On Apr 8, 2011, at 3:29 AM, Nicolas Capens wrote:
> x86 processors use macro-op fusion to merge together two instructions and
execute them as one. So it's beneficial for the compiler to emit them as a
pair.
>
> Currently only compare and jump instructions get fused though. And I was
wondering whether it also makes sense to fuse move and arithmetic instructions
together, to form non-destructive instructions (which x86 lacks for regular
instructions). For instance:
> 8B C3 mov eax, ebx
> 03 C1 add eax, ecx
> becomes
> 8B C3 03 C1 add eax, ebx, ecx
>
> There's no difference in the binary encoding; it's just considered
one instruction at a logical level and inside the hardware (I'm assuming
x86's RISC internals actually use non-destructive micro-operations).

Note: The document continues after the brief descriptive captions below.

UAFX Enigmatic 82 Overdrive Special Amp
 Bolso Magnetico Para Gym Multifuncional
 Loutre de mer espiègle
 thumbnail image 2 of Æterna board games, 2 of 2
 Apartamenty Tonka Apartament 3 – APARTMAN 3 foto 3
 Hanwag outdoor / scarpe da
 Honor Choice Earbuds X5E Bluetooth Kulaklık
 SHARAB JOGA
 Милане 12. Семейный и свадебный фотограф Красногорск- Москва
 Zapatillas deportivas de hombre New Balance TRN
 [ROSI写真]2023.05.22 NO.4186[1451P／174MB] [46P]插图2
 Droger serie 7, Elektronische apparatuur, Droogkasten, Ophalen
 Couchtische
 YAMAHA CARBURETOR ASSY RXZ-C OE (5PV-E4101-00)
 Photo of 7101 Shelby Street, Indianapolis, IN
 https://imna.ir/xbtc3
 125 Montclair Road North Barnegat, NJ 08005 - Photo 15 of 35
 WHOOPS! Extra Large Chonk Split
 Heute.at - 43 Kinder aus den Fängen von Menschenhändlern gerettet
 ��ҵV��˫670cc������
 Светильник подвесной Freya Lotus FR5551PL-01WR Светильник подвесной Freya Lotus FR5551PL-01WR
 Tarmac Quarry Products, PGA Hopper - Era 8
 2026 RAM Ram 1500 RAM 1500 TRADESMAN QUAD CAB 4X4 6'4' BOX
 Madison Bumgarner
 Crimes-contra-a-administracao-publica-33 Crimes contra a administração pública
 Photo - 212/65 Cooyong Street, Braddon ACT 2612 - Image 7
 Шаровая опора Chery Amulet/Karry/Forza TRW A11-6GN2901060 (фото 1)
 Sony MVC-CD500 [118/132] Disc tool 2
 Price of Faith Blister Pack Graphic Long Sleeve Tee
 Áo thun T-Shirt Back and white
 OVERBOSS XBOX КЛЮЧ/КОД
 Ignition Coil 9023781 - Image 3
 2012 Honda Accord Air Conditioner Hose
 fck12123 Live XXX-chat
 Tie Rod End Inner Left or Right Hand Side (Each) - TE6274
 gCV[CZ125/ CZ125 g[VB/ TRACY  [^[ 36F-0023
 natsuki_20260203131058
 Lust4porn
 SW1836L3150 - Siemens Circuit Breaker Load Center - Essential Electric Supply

Most x86 implementations use register renaming these days, so micro-operations
are non-destructive, but they don't refer to architectural registers. They
refer to a larger number of real registers.
Register copies are mostly free to execute except they increase code size and
consume decoder resources. To my knowledge, they are not fused in the way you
describe.
Intel's optimization reference manual describes which instructions can be
fused. The Sandy Bridge processors fuse more pairs than previous generations,
but the second instruction is always a conditional branch.
There is no need to define pseudo-instructions to support this. If you want to
experiment, you could add a late pass that tries to form fusable pairs by
pushing instructions down to the conditional branch. This should happen after
register allocation where code is often inserted before a branch.
I would be interested to see the performance impact of such a pass.
/jakob